Parents of pupils at a leading secondary school which has largely had to shut due to the reinforced concrete crisis have started a campaign to have it rebuilt, saying “this is not the education our children deserve”.
St Leonard’s Catholic School in Durham, a secondary school with 1,400 pupils, is regularly among the top-performing state schools at GCSE in the North East.
Last year it achieved an academic progress score of +0.47 at GCSE, the fourth highest in the North East out of 171 schools.
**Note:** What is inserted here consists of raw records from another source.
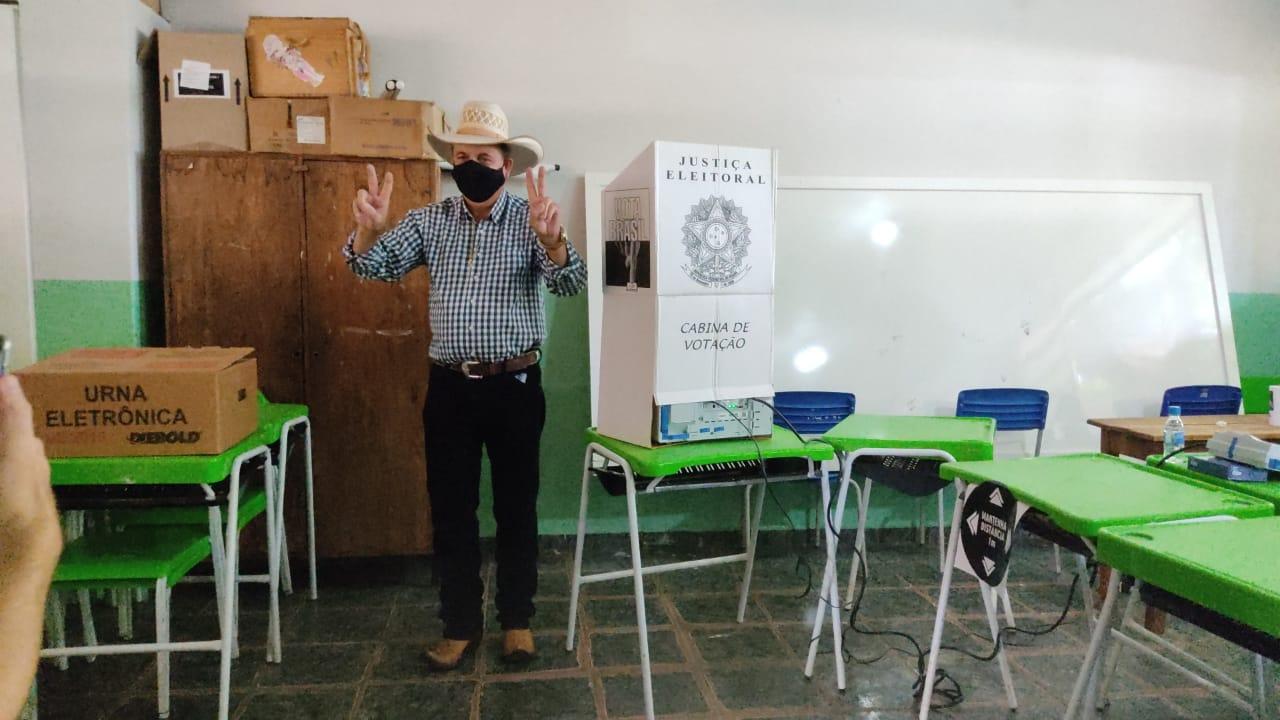 Guerreiro vence as eleições com diferença de 11.572 mil votos para o segundo candidato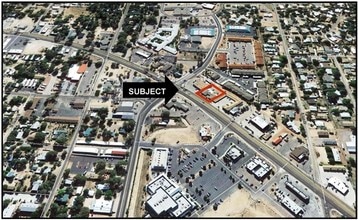 807 S Beeline Hwy, Payson, AZ - VUE AÉRIENNE  vue de carte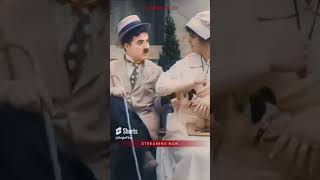 Charlie Chaplin in Color Trailer (Laurel &amp; Hardy)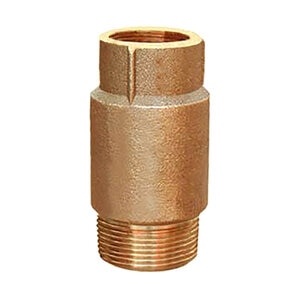 2 X 2 Submersible Check Valve SIMMONS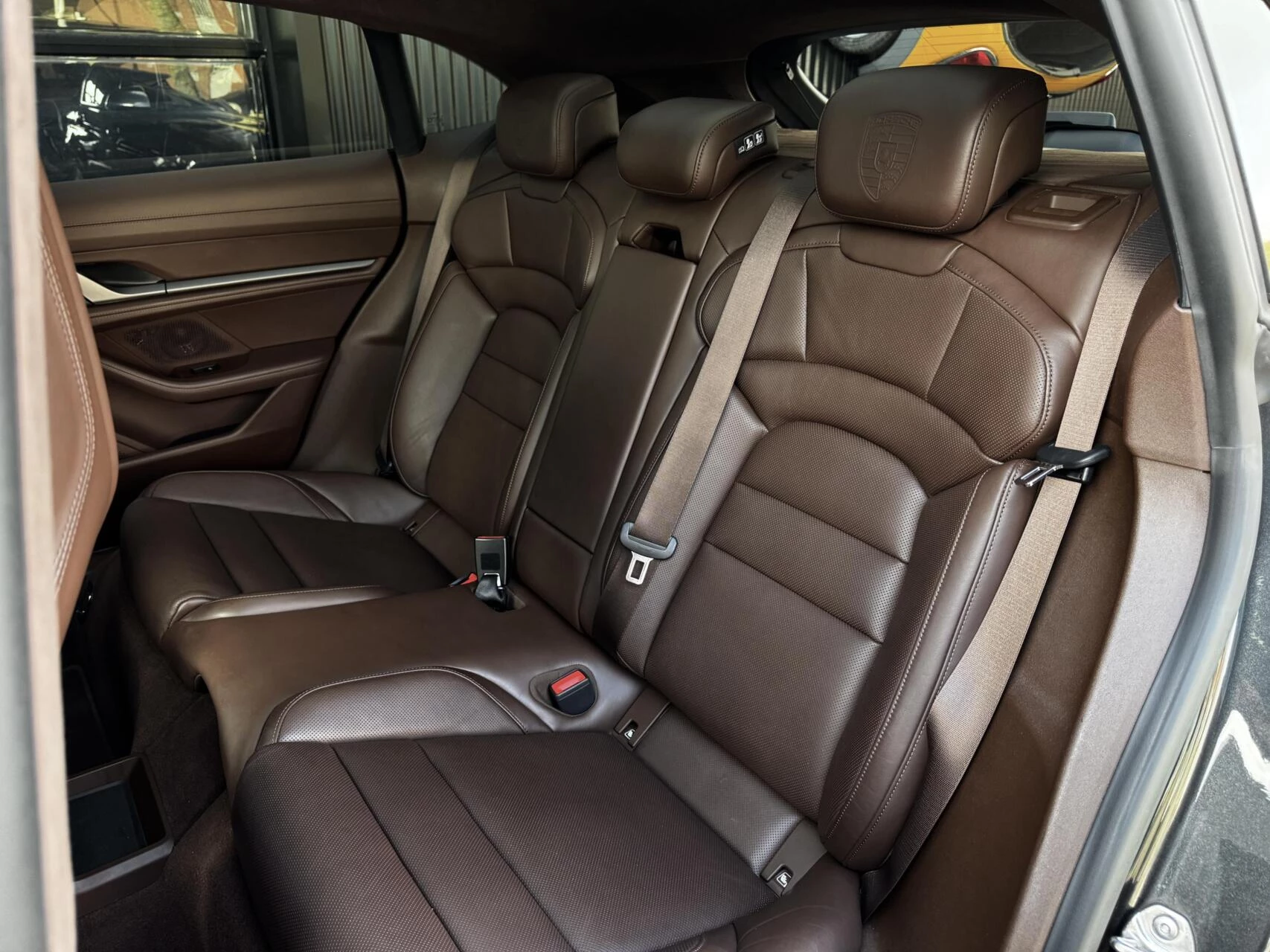 Hoofdafbeelding Porsche Taycan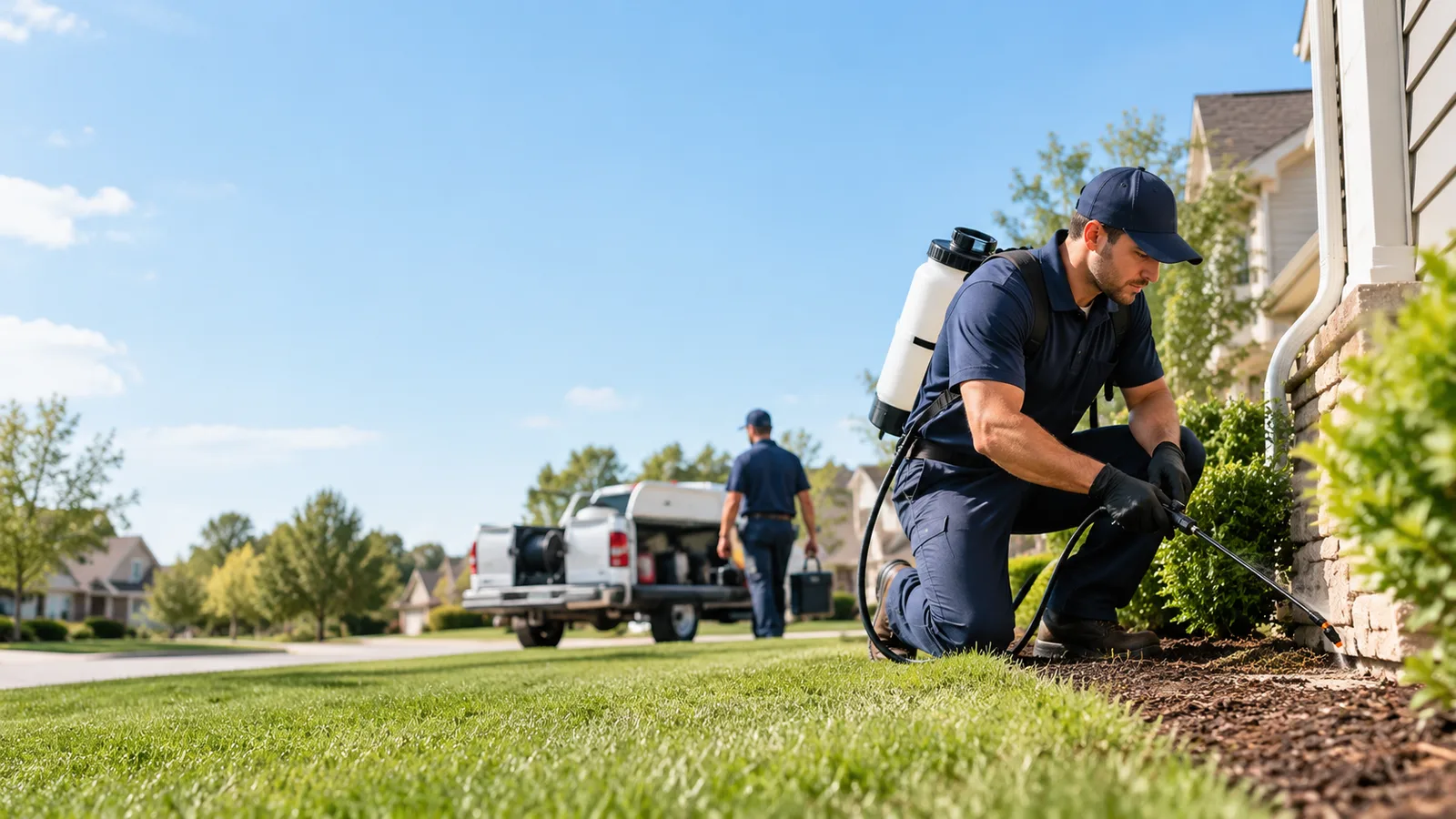 Pest Control in Lexington, OK near me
It is expected to be second in the region when final results are published next month.
But reinforced autoclaved aerated concrete (Raac) has been found in buildings across the site meaning children in most year groups have had to be taught online for four days a week since term started.
For those year groups allowed to come in to school on specific days, conditions are cramped with lessons being taught in corridors and some pupils using clipboards to lean on.
At an online meeting chaired by Durham’s Labour MP Mary Foy on Friday evening, parents expressed their fears for the future of the school if pupils cannot get back to the classroom full-time, worrying that staff will leave and enrolment will drop next year.
They also asked whether pupils studying GCSE and A-levels this year will be given special dispensation from the exam boards because their education has been so disrupted.
St Leonard’s is already on the government’s list of schools to be rebuilt and Ms Foy hoped the seriousness of the Raac problem would lead the Department for Education to promote it to the top of the queue.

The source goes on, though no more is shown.